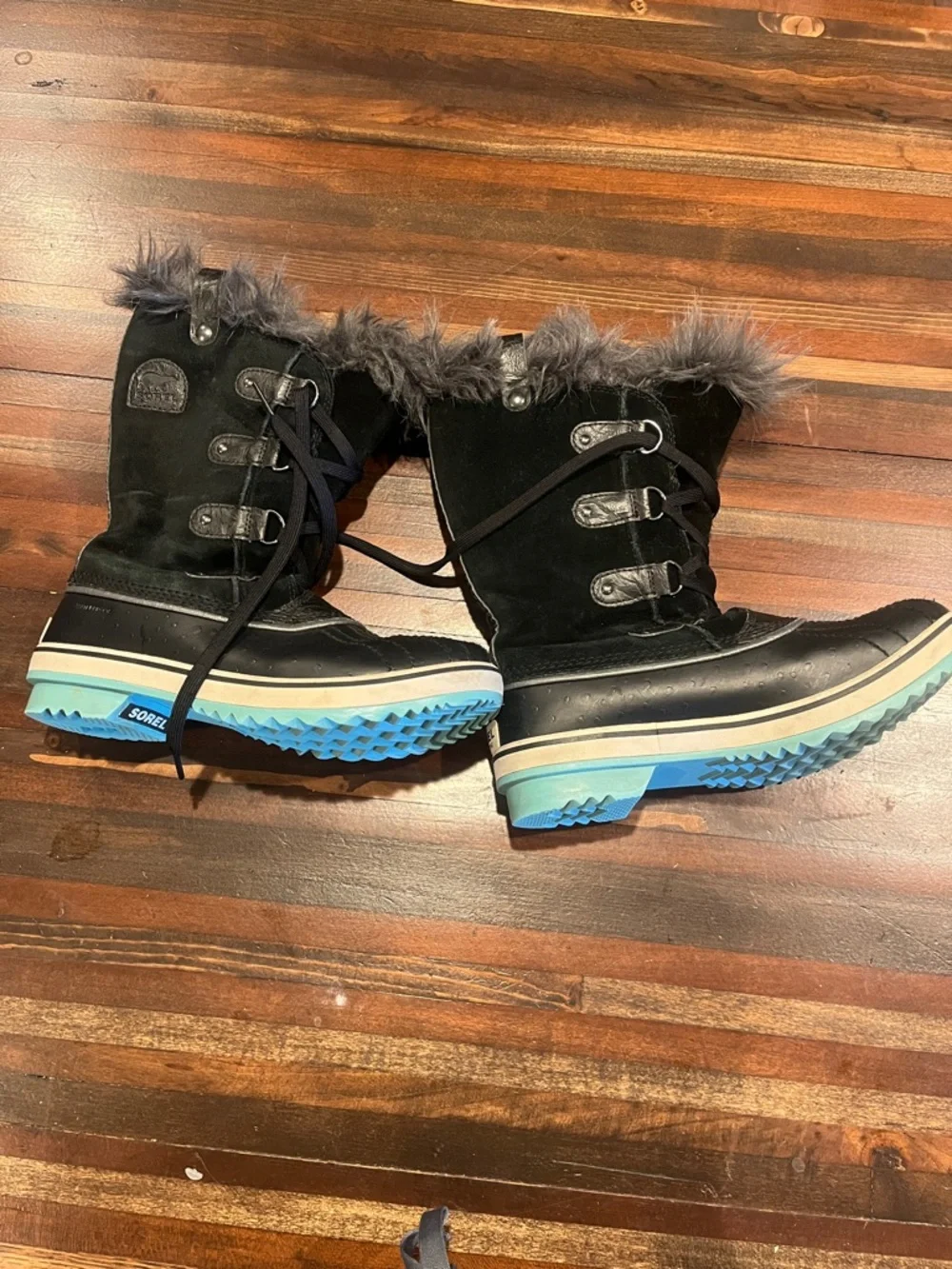 Womens Sorel Joan of Artic Boots with Faux Fur Trim - black size 6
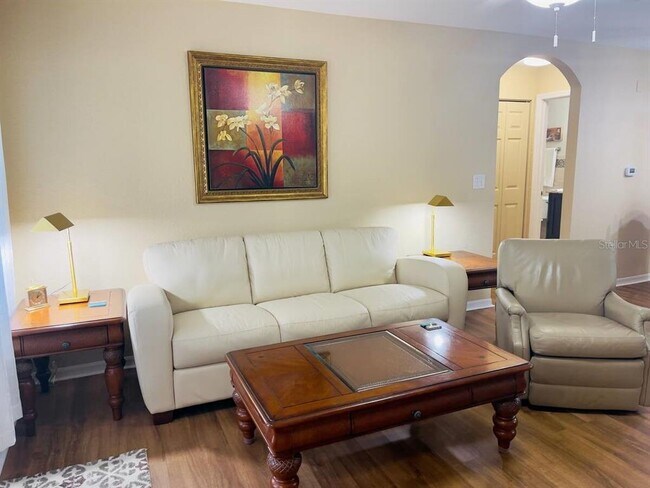 Foto del edificio - 8815 Manor Loop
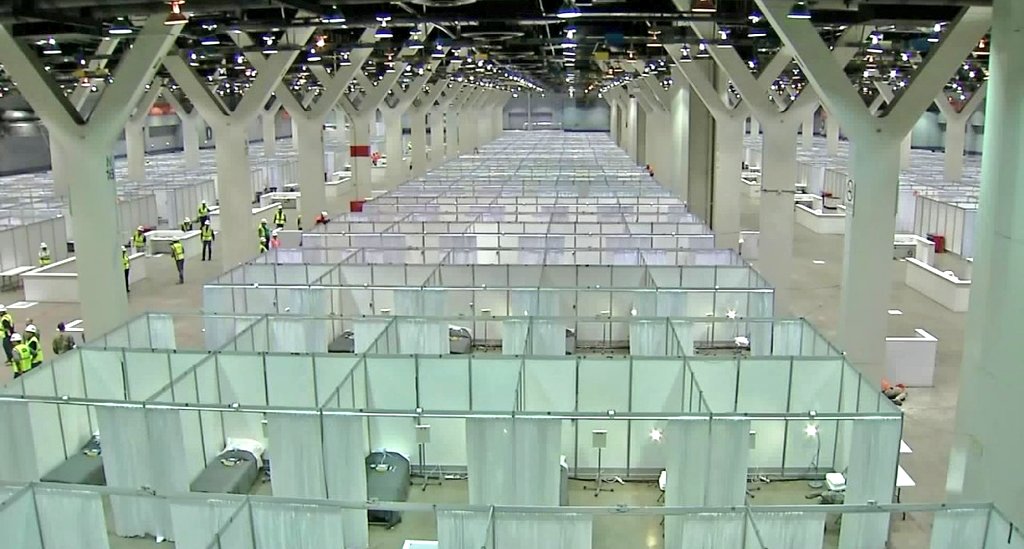 普通の政府なら1ヶ月も時間があればビックサイトみたいな大型施設をこんな感じにするんだけどな… この2ヶ月間、日本は何をしていたんだよ…って考えたらオリンピックを開催する事に夢中だった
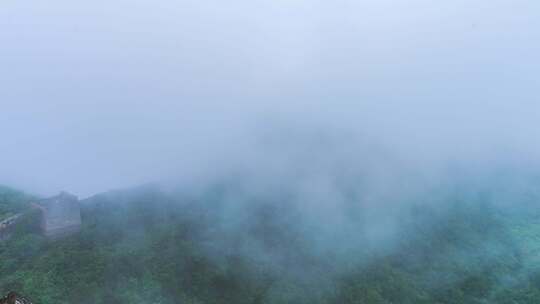 中国金山岭长城夏天雨季云雾风光延时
· · ·
Your objective: Counting the line with "Foto del edificio - 8815 Manor Loop" and the last line of the data above, transcribe those two lines and every line between them exactly, without the pictures.

Output of the exercise:
 Foto del edificio - 8815 Manor Loop
 普通の政府なら1ヶ月も時間があればビックサイトみたいな大型施設をこんな感じにするんだけどな… この2ヶ月間、日本は何をしていたんだよ…って考えたらオリンピックを開催する事に夢中だった
 中国金山岭长城夏天雨季云雾风光延时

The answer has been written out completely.